**PROBLEM TO WORK ON**
Go to the line in the entries below that holds "Eevee 167/131 (Set: Prismatic" and repeat exactly from there through the line that holds "Haikyuu!! - Miya", inclusive.

**ENTRIES PROVIDED**
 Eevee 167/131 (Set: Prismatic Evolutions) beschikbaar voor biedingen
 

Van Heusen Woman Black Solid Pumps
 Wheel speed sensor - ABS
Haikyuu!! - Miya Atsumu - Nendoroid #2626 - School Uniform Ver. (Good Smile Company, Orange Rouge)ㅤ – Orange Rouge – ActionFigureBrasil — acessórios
...
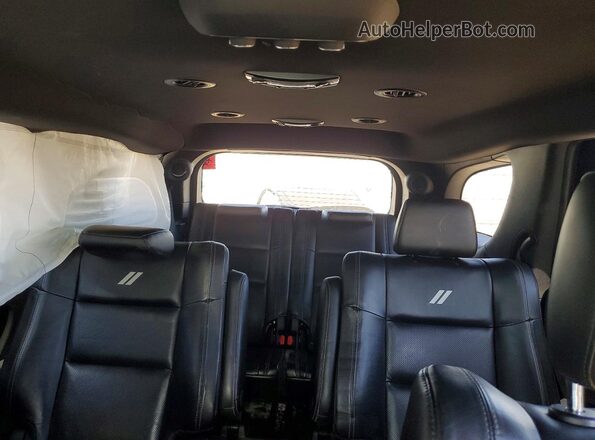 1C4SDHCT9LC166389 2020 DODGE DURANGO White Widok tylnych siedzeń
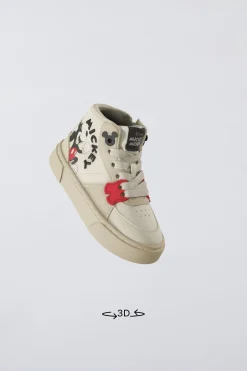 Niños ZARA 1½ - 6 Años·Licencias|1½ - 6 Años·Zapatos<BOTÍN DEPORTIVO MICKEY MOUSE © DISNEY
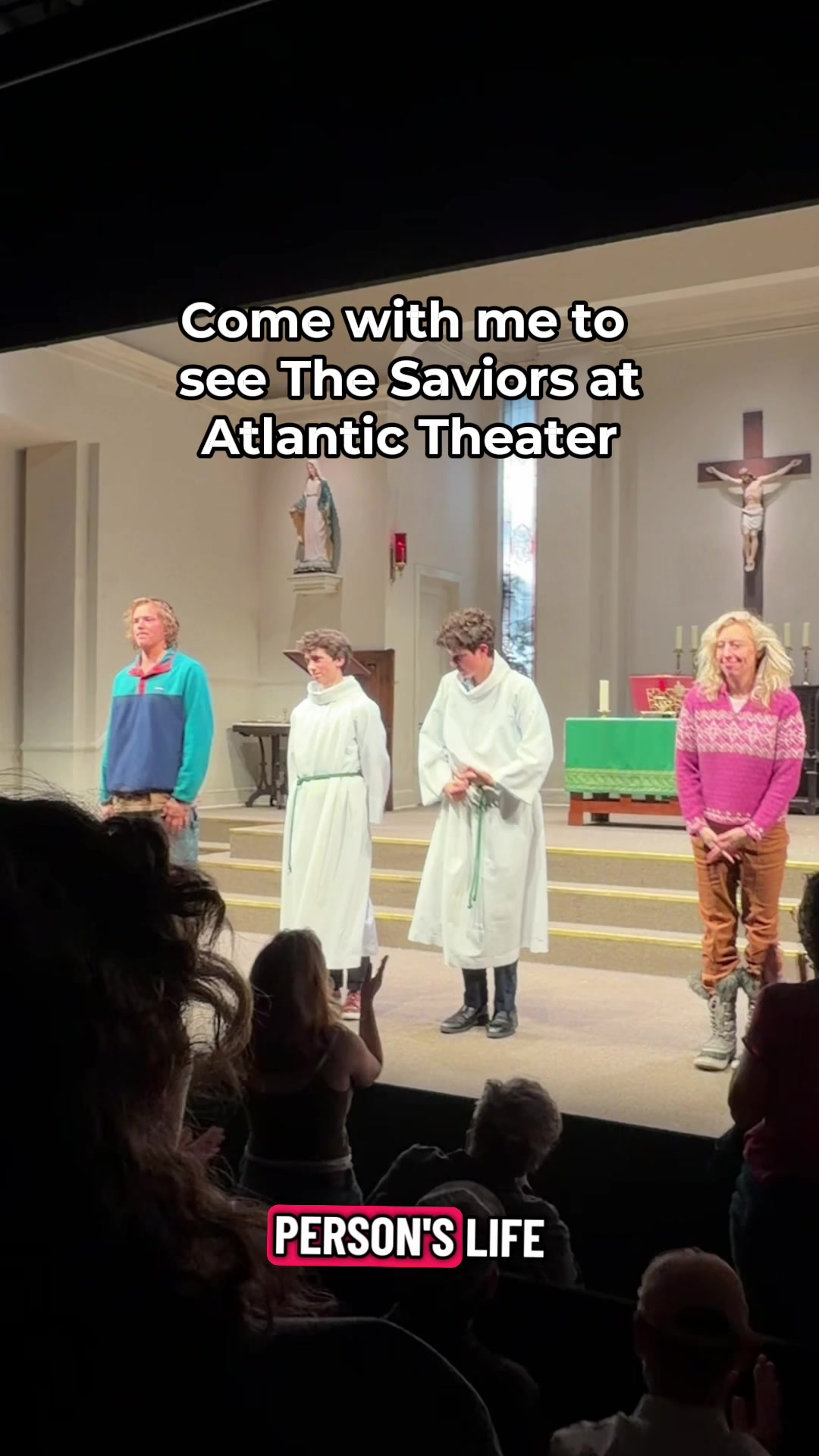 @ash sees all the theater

**WRITTEN ANSWER**
 Eevee 167/131 (Set: Prismatic Evolutions) beschikbaar voor biedingen
 

Van Heusen Woman Black Solid Pumps
 Wheel speed sensor - ABS
Haikyuu!! - Miya Atsumu - Nendoroid #2626 - School Uniform Ver. (Good Smile Company, Orange Rouge)ㅤ – Orange Rouge – ActionFigureBrasil — acessórios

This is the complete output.